Утверждая, что сцена создает драматическое произведение, мы отнюдь не думаем характеризовать ее, как нечто такое, что навязывает драматургу решительно все образы и идеи, составляющие содержание его пьес. Конечно, нельзя из технических условий сцены объяснить, почему автором выбраны такие-то dramatis pesonae, почему перед зрителями действуют помещики или профессора, художники или студенты, босяки или рабочие, почему одни из героев высказываются в либеральном, другие в консервативном, третьи в радикальном духе. Драматург не только дитя сцены, но и дитя общества. И социально-экономические отношения, точнее, социально-экономические конфликты, имеющие место в последнем, определяют миросозерцание драматурга, дарят ему запас образов, которыми он и заселяет театральные подмостки. Но, в свою очередь, наличность миросозерцания и образов еще не делает драмы. Чтобы проникнуть на сцену, образы и идеи должны подвергнуться особенному «творческому» процессу. Драматические произведения имеют свою технику. А техника их есть продукт техники сценической, продукт усвоенной в данный момент театральным предприятием системы производства.
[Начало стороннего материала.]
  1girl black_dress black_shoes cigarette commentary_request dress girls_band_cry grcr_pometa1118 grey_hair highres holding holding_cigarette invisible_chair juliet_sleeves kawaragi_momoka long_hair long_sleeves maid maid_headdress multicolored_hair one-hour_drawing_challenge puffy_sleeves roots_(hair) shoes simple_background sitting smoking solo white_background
Мало того. Как мы выше отмечали, связь сцены с жизнью – самая близкая и непосредственная. Театр – экономическая организация очень определенного типа. Те самые вопросы, которые |волнуют мир промышленников-предпринимателей, являются очередными и для вершителей судеб театра. Сама сцена оказывается, таким образом, уголком жизни, и отражение жизни сливается с самой жизнью. Для проникновения образов и идей, принесенных драматургом извне, создается особенно благоприятная почва.
В рамках настоящей статьи мы задаемся специальной задачей: стараемся выяснить значение перелома, совершающегося в драматическом искусстве, но выяснить его, не ограничиваясь указаниями на общий фон социально-экономических отношений, которые предопределили рост «новых веяний», а сосредоточивши внимание, главным образом на одном, крайне важном, на наш взгляд, промежуточном звене, связующем «высоты» идеологии с «низами» материальных интересов. Это звено – хозяйственная организация самого идеологического «творчества», роль, какая, в данном случае, принадлежит специфическим орудиям и средствам производства. При анализе идеологических построений обыкновенно названное звено остается вне поля зрения критики. Между тем, установление и надлежащая оценка его должна вести к решительным результатам: у всевозможных сторонников идеалистического мышления отнимается их наиболее надежное – по их мнению – оружие.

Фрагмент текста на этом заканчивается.